Comments (8)
Hi @jkroepke,
Kubernetes has a .well-known endpoint + JWKS endpoints.
Perfect, so you can validate Kubernetes without problem.
That a good idea, but not mention in the spec. Other scenarios should be supported as well.
I completly agree with you and if you look at alpha configs
you will see that the maintainers tried to allow other scenarios.
There is the possibility to change the claim to which oauth2-proxy will try to match the clientId with the optionaudienceClaims
and then, you can add more "audiences" with extraAudiences
but for now, to let the system use extraAudiences you need the old option --skip-jwt-bearer-tokens
set to true ( I expect that you already set this option to true ).

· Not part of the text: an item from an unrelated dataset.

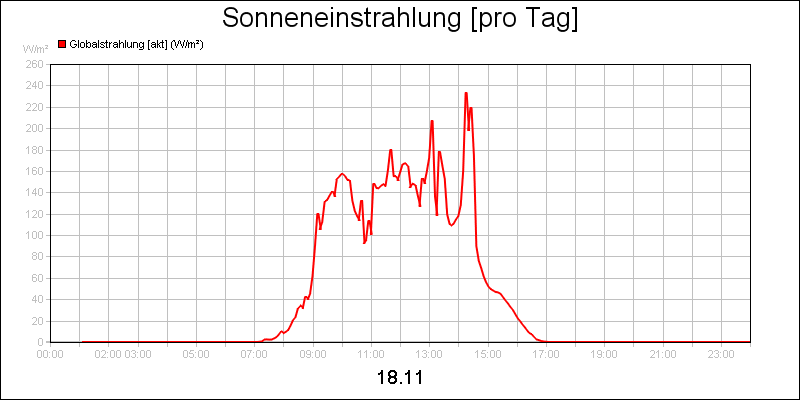 line diagram
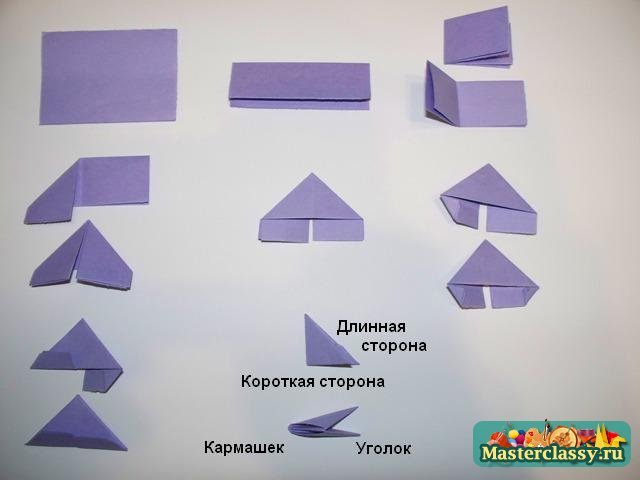 Генератор с регулировкой частоты и скважности своими руками 23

So in these way you can can validate the sub
claim if you want.
But there are one big problems with alpha configs
now:
You can't have more than one provider active at the same time, and so there is no way to validate tokens from two or more issuers at the same time.
(I hope that some PR will be merged about this soon, because by my opinion this is a big usability issue)
You will still have the "clientID" problem, but if you want to use oauth2-proxy only as resource-server + reverse-proxy it's just a naming problem.
I know that the "clientID" parameter name is missleading, but I can see why the maintainers had decided to not create another config parameter with the exactly same scope just for the resource-server only scenario.
Maybe, if there were an option to completely disable the client part, then this would be useful.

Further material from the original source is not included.